Record extracts:
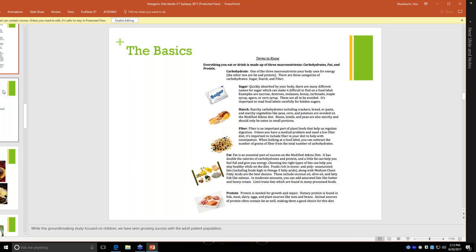Fat is the most essential part of success on a modified ketogenic diet or a regular ketogenic diet. It has double the calories of carbohydrates and protein per gram, but you need a lot less of it. Much lower amount of fat helps you feel much fuller and gives you energy. And the important thing is choosing the right type of fat. You want to look for foods that are rich in mono and polyunsaturated fats and medium chain triglycerides. So olive oil, fatty fish like salmon, nuts, things like that are healthier sources of fat than saturated fats like heavy creams or the fats that you would find in animal products.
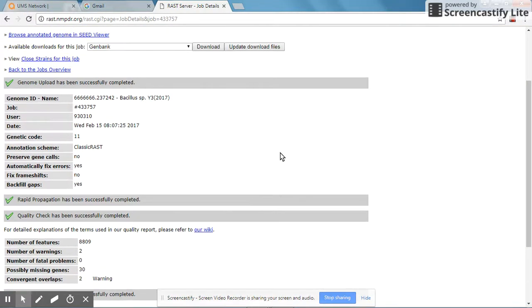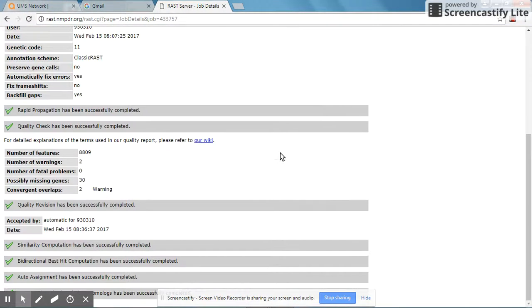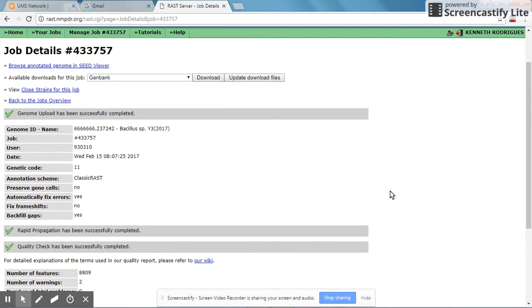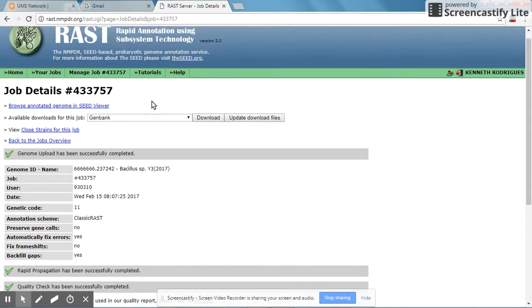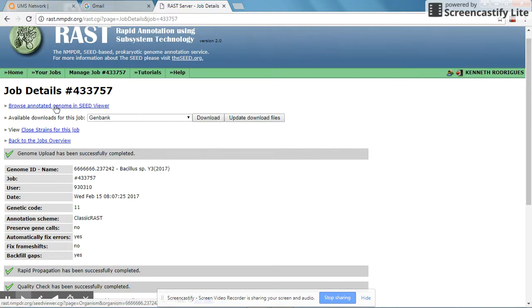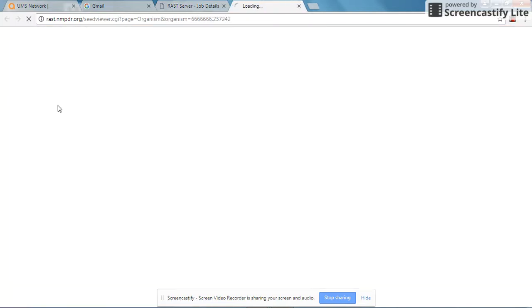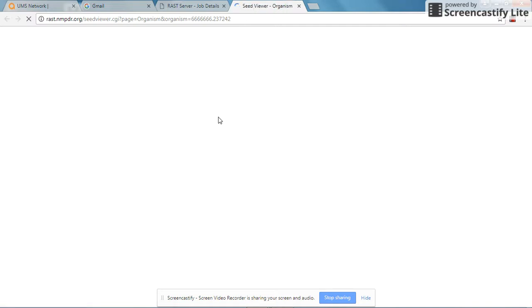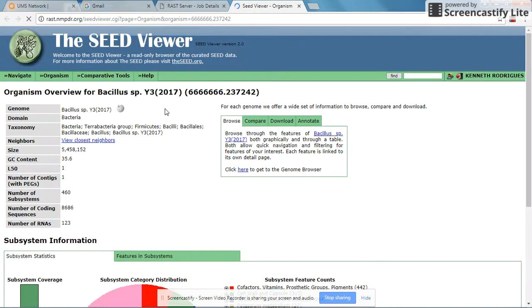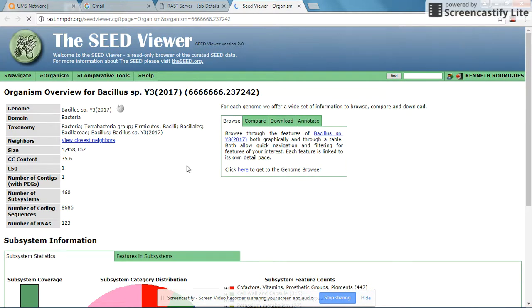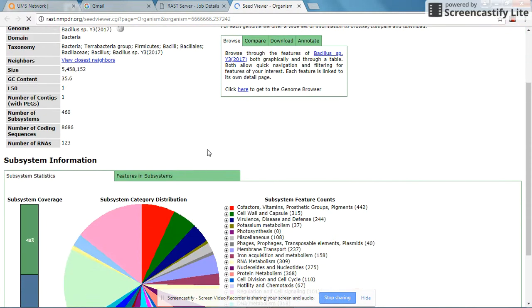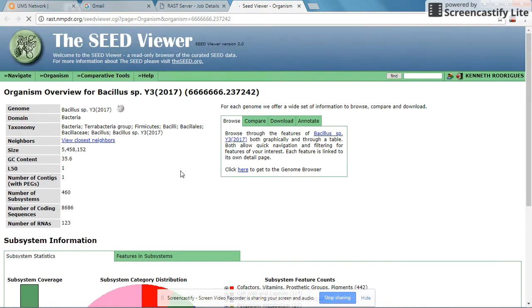For this demo, we are going to view the completed or annotated genome using the seed viewer. So to view your genome which has been annotated, you click on the seed viewer over here. We now have the annotated genome, which is a very good graphical representation here.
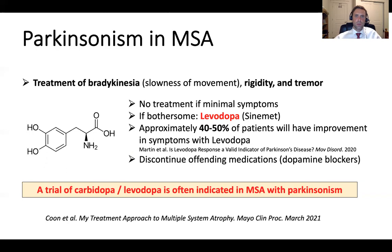Carbidopa/levodopa will improve Parkinsonism but usually not other symptoms. It is extremely important for the clinician to review the medication list and discontinue any medication that could be deleterious for movement — we usually look for dopamine blockers. The take-home message is that a trial of carbidopa/levodopa or Sinemet is often warranted in patients with MSA type P.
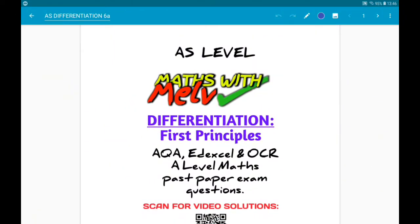Hey there guys, here we are going through our first set of questions on differentiation from first principles. If you are watching this during the coronavirus crisis, you might not have even seen this yet. If that's the case, I'm putting a link in the description to one of my older videos walking you through what all this is, where it comes from, and some worked examples. So go check that out first, then come back and do these. Let's go.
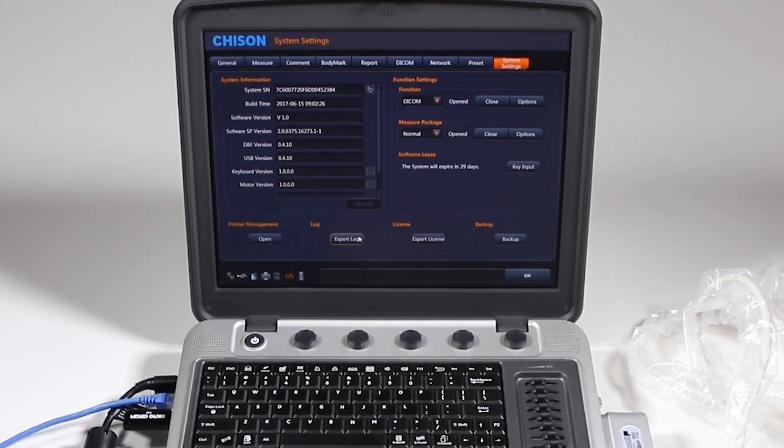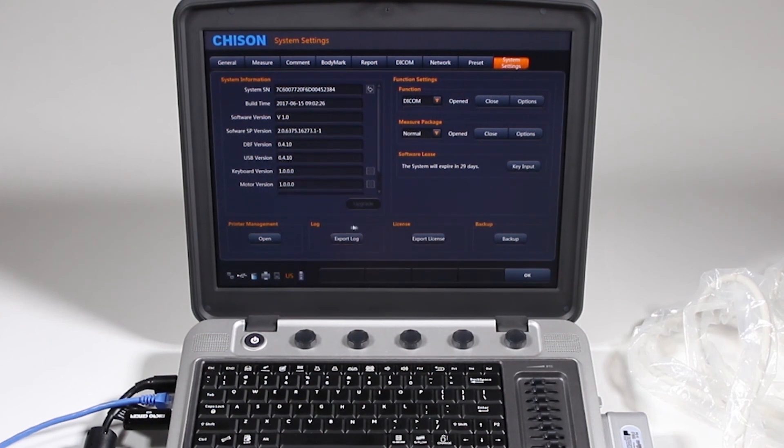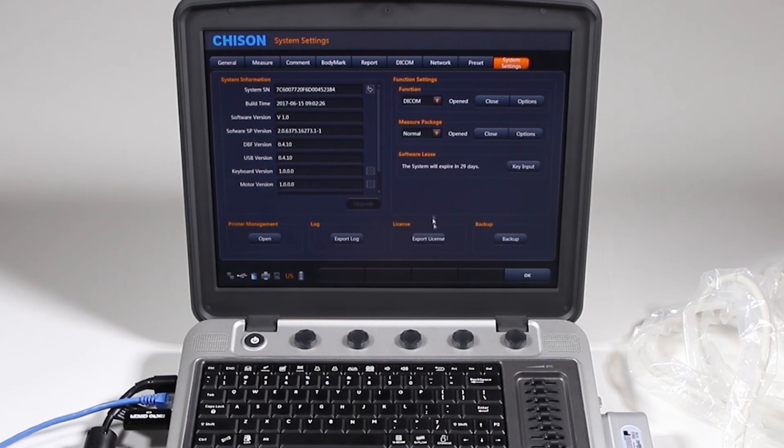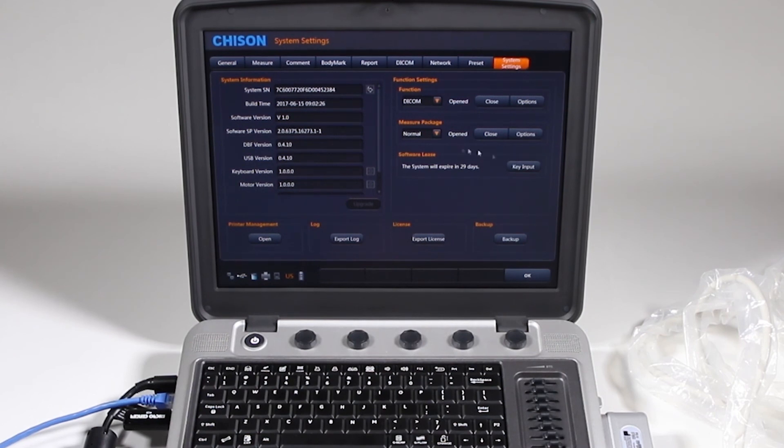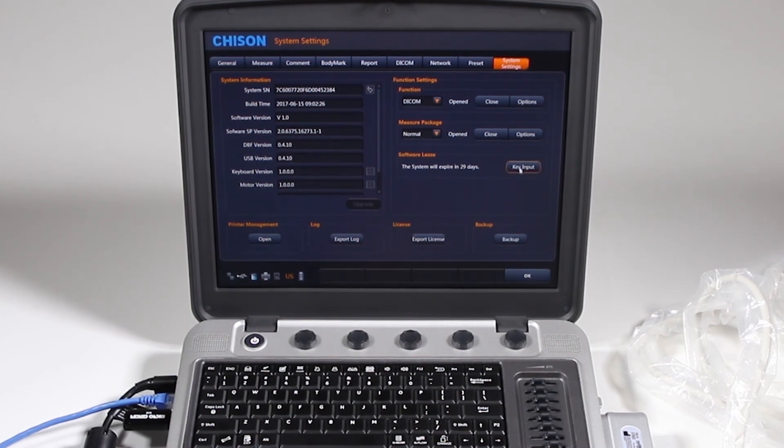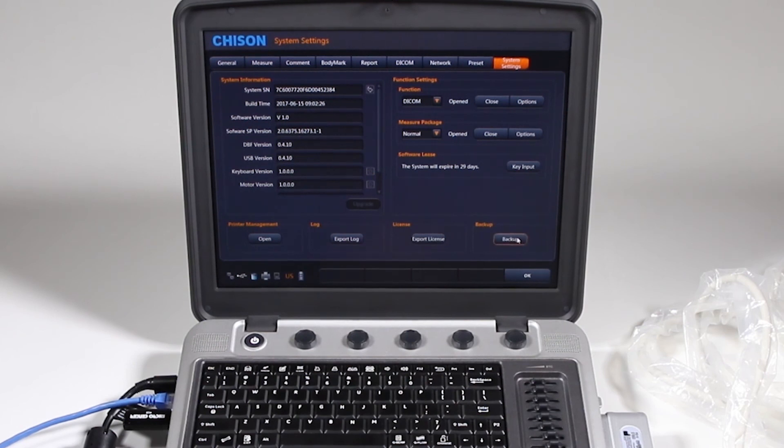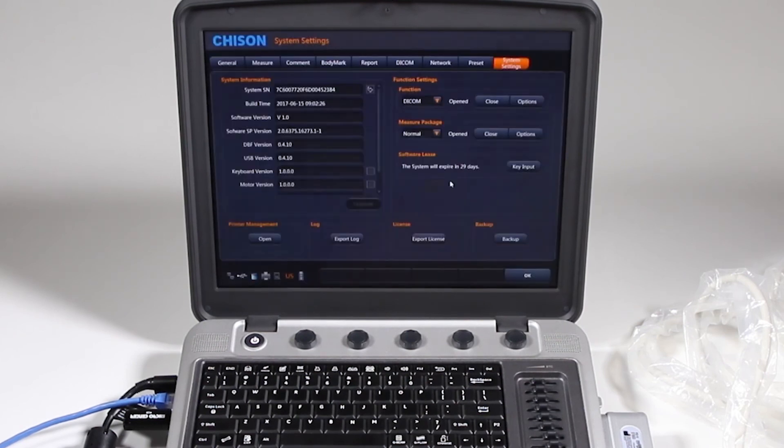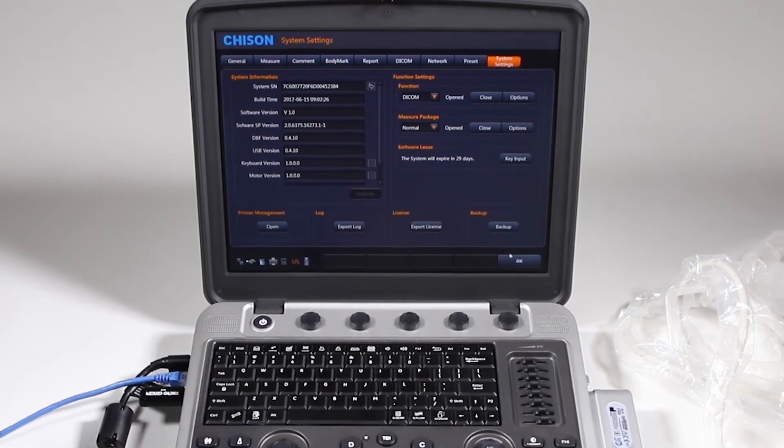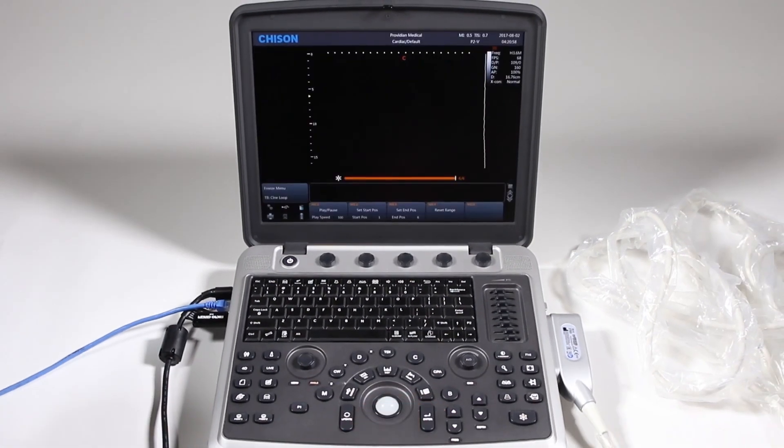This export log you may or may not be asked for. License key you can export that for importing later. And these basically just tell you what's available and what is not on your system. If you do not have a license key yet you would put that key input there. And here you can back up all your patients in the current system. Click no. Click ok.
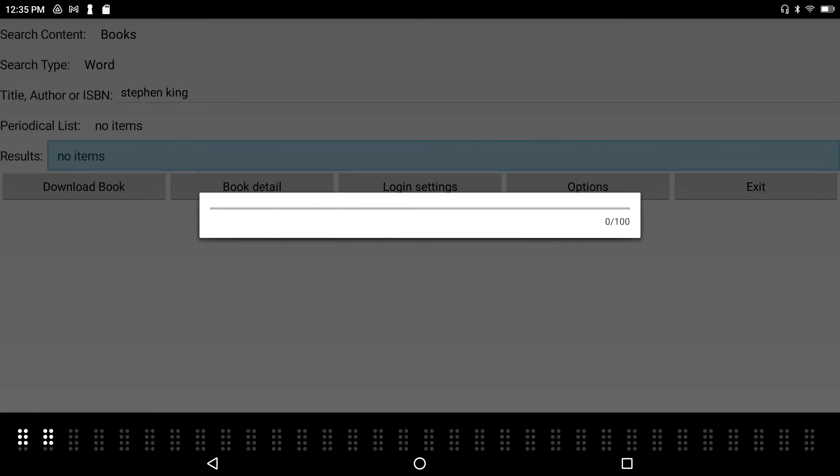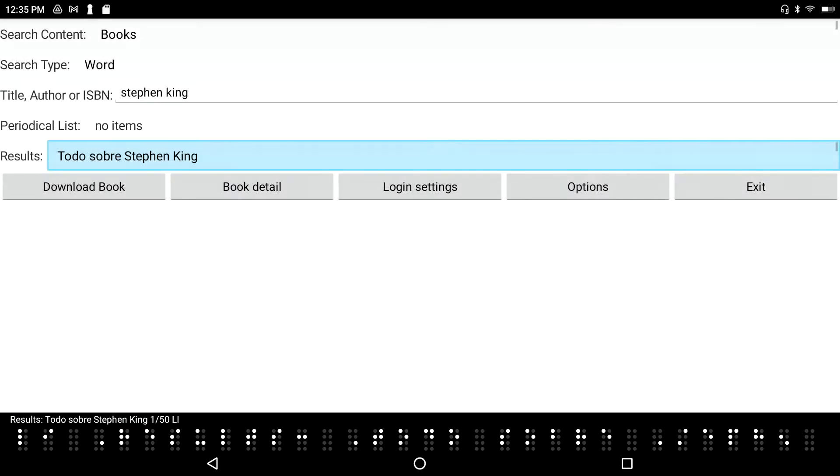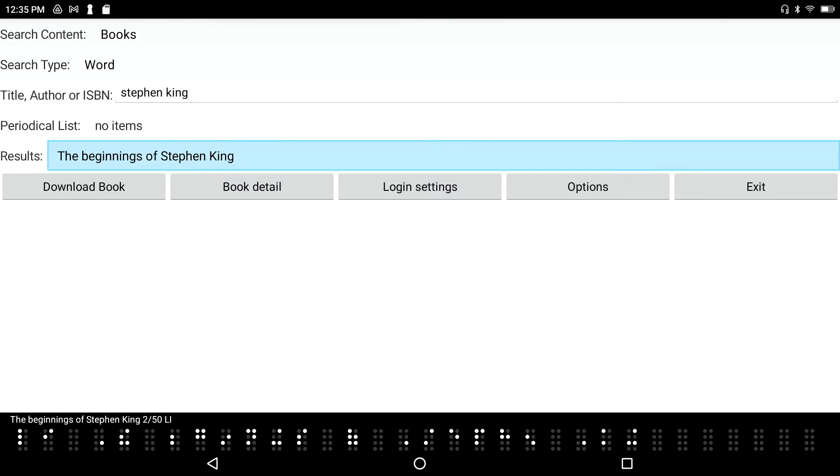Again, the dancing Braille progress cells going from left to right. Results: I've got 50 options in this list. The top 50 options always come up. I'm going to down arrow through here. The Beginnings of Stephen King. That sounds interesting.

Prompt: Every record must be set down again exactly; pictures do not belong in the copy.

Finished exercise:
Fat is the most essential part of success on a modified ketogenic diet or a regular ketogenic diet. It has double the calories of carbohydrates and protein per gram, but you need a lot less of it. Much lower amount of fat helps you feel much fuller and gives you energy. And the important thing is choosing the right type of fat. You want to look for foods that are rich in mono and polyunsaturated fats and medium chain triglycerides. So olive oil, fatty fish like salmon, nuts, things like that are healthier sources of fat than saturated fats like heavy creams or the fats that you would find in animal products.
For this demo, we are going to view the completed or annotated genome using the seed viewer. So to view your genome which has been annotated, you click on the seed viewer over here. We now have the annotated genome, which is a very good graphical representation here.
Carbidopa/levodopa will improve Parkinsonism but usually not other symptoms. It is extremely important for the clinician to review the medication list and discontinue any medication that could be deleterious for movement — we usually look for dopamine blockers. The take-home message is that a trial of carbidopa/levodopa or Sinemet is often warranted in patients with MSA type P.
Hey there guys, here we are going through our first set of questions on differentiation from first principles. If you are watching this during the coronavirus crisis, you might not have even seen this yet. If that's the case, I'm putting a link in the description to one of my older videos walking you through what all this is, where it comes from, and some worked examples. So go check that out first, then come back and do these. Let's go.
This export log you may or may not be asked for. License key you can export that for importing later. And these basically just tell you what's available and what is not on your system. If you do not have a license key yet you would put that key input there. And here you can back up all your patients in the current system. Click no. Click ok.
Again, the dancing Braille progress cells going from left to right. Results: I've got 50 options in this list. The top 50 options always come up. I'm going to down arrow through here. The Beginnings of Stephen King. That sounds interesting.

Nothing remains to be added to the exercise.